This was the 3rd Meetup organised in association with Positive Money in Edinburgh. The first one was 18 months ago, on 31 August 2011  and the next was on 2 November 2011. In addition, in April 2012, the Trust helped Positive Money organise a Training Day for around 15 people in Edinburgh, one of whom is now working in its London office.

Ben spoke for 45 minutes and detailed the advances which had been made in the last 18 months since the first Meetup.

He said that the first book which had to be written was Where Does Money Come From?  This was because, when they started to speak about “banks creating money”, they realised that there was simply no suitable book out there which detailed the facts of money creation. They paired up with the New Economics Foundation to produce the book.
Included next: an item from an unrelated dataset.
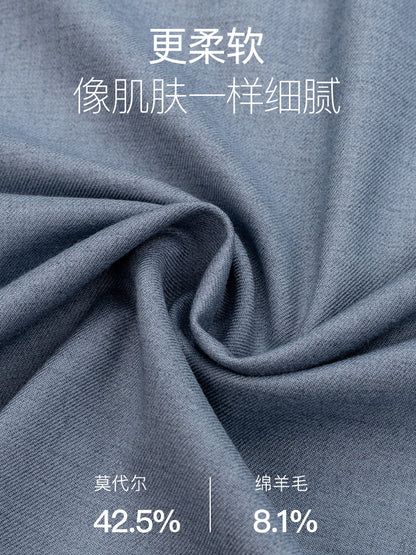 Men's Long-Sleeved Shirt Made of Sheep Wool, Machine Washable, Autumn and Winter 2025, Modal Thickened, Business High-End Casual Shirt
Since then, more commentators, bankers and Members of Parliament were catching on to these facts; e.g. the recent Lord Adair Turner’s speech. That speech pointed out that after a crisis caused by too much debt, you cannot respond by prescribing even more debt as the solution!

That may have seemed obvious to us, but it needs people like Lord Turner to speak about it before the financial press take note.

Ben said that the current response of Quantitative Easing was not going to work. Putting money into the financial system, in the hope that it trickles down to the rest of us was not going to happen in the long term. What was more likely was that another round of QE might instead put money directly into public spending. This might have a more positive impact.

Once that happened, then people would begin to wonder why we could not have done that in the first place. They would also begin to wonder why, if the state can create money in this way, we are being taxed in the first place! This was likely to open up another window for the Positive Money message to exploit.

In that regard, he quoted from the recent article by Martin Wolf, the Chief Economics Commentator of the Financial Times in its 13-2-13 edition, questioning why is it presumably OK for money to be created for financial interests and house speculation, but not for industry?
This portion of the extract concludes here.